But I couldn't test it actually, so only build tested.
Reviewed-by: Athira Jajeev <atrajeev@linux.vnet.ibm.com>
Signed-off-by: Namhyung Kim <namhyung@kernel.org>
Tested-by: Athira Jajeev <atrajeev@linux.vnet.ibm.com>
Cc: Andi Kleen <ak@linux.intel.com>
Cc: Athira Jajeev <atrajeev@linux.vnet.ibm.com>
Cc: Ian Rogers <irogers@google.com>
Cc: Ingo Molnar <mingo@kernel.org>
Cc: Jiri Olsa <jolsa@redhat.com>
Cc: Kan Liang <kan.liang@linux.intel.com>
Cc: Peter Zijlstra <peterz@infradead.org>
Cc: Stephane Eranian <eranian@google.com>
Link: https://lore.kernel.org/r/20211105225617.151364-2-namhyung@kernel.org
Signed-off-by: Arnaldo Carvalho de Melo <acme@redhat.com>
Signed-off-by: Sasha Levin <sashal@kernel.org>
---
tools/perf/util/hist.c | 11 ++++-------
tools/perf/util/sort.c | 24 +++++++-----------------
tools/perf/util/sort.h | 2 +-
3 files changed, 12 insertions(+), 25 deletions(-)
diff --git a/tools/perf/util/hist.c b/tools/perf/util/hist.c
index 4e9bd7b589b1a..54fe97dd191cf 100644
--- a/tools/perf/util/hist.c
+++ b/tools/perf/util/hist.c
@@ -290,11 +290,10 @@ static long hist_time(unsigned long htime)
}
static void he_stat__add_period(struct he_stat *he_stat, u64 period,
- u64 ins_lat, u64 p_stage_cyc)
+ u64 p_stage_cyc)
{
he_stat->period += period;
he_stat->nr_events += 1;
- he_stat->ins_lat += ins_lat;
he_stat->p_stage_cyc += p_stage_cyc;
}
@@ -306,7 +305,6 @@ static void he_stat__add_stat(struct he_stat *dest, struct he_stat *src)
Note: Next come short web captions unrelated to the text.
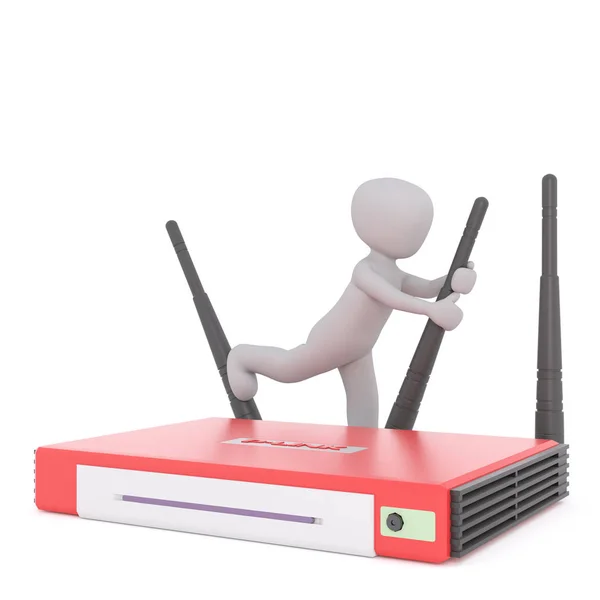 Cartoon Figure Adjusting Antenna on Internet Modem — Stock Photo, Image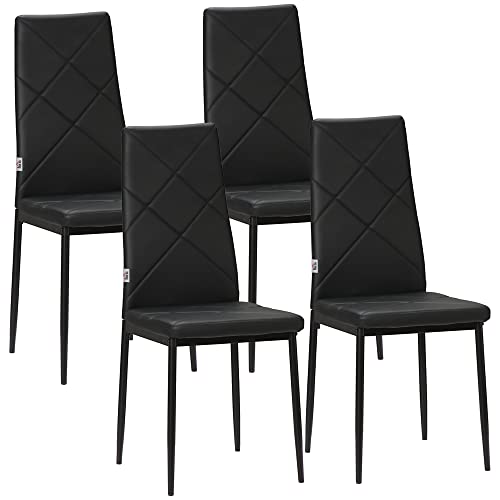 HOMCOM Lot de 4 Chaises Rembourrées Modernes HOMCOM Lot de 4 Chaises Rembourrées Modernes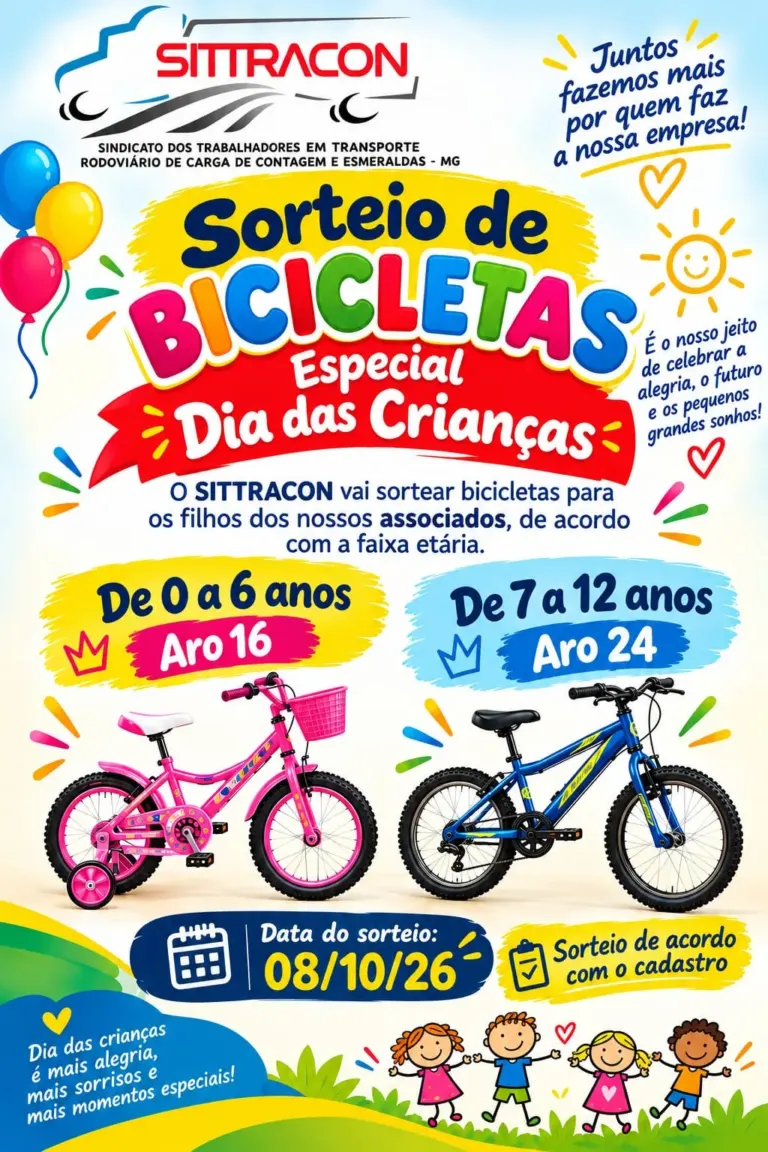 SITTRACON anuncia sorteio de bicicletas para filhos de associados no Dia das Crianças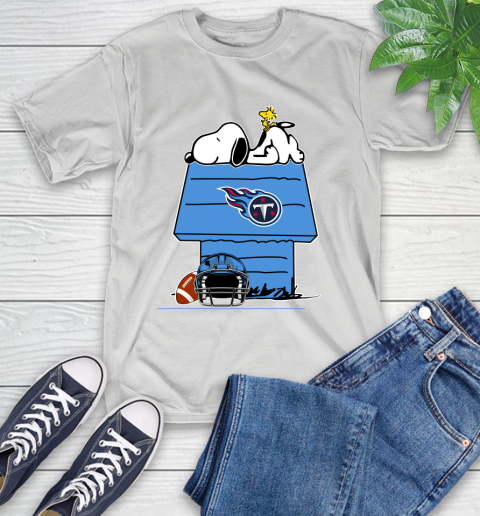 Tennessee Titans NFL Football Snoopy Woodstock The Peanuts Movie T-Shirt
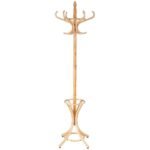 Universalus rūbų stovas su 12 kabliukų ir skėčių laikikliu (Natūrali)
dest->period_guest_sys += src->period_guest_sys;
dest->period_guest_us += src->period_guest_us;
dest->nr_events += src->nr_events;
- dest->ins_lat += src->ins_lat;
dest->p_stage_cyc += src->p_stage_cyc;
}
@@ -595,7 +593,6 @@ static struct hist_entry *hists__findnew_entry(struct hists *hists,
struct hist_entry *he;
int64_t cmp;
u64 period = entry->stat.period;
- u64 ins_lat = entry->stat.ins_lat;
u64 p_stage_cyc = entry->stat.p_stage_cyc;
bool leftmost = true;
@@ -615,11 +612,11 @@ static struct hist_entry *hists__findnew_entry(struct hists *hists,
if (!cmp) {
if (sample_self) {
- he_stat__add_period(&he->stat, period, ins_lat, p_stage_cyc);
+ he_stat__add_period(&he->stat, period, p_stage_cyc);
hist_entry__add_callchain_period(he, period);
}
if (symbol_conf.cumulate_callchain)
- he_stat__add_period(he->stat_acc, period, ins_lat, p_stage_cyc);
+ he_stat__add_period(he->stat_acc, period, p_stage_cyc);
/*
* This mem info was allocated from sample__resolve_mem
@@ -729,7 +726,6 @@ __hists__add_entry(struct hists *hists,
.stat = {
.nr_events = 1,
.period = sample->period,
- .ins_lat = sample->ins_lat,
.p_stage_cyc = sample->p_stage_cyc,
},
.parent = sym_parent,
@@ -744,6 +740,7 @@ __hists__add_entry(struct hists *hists,
.ops = ops,
.time = hist_time(sample->time),
.weight = sample->weight,
+ .ins_lat = sample->ins_lat,
}, *he = hists__findnew_entry(hists, &entry, al, sample_self);
if (!hists->has_callchains && he && he->callchain_size != 0)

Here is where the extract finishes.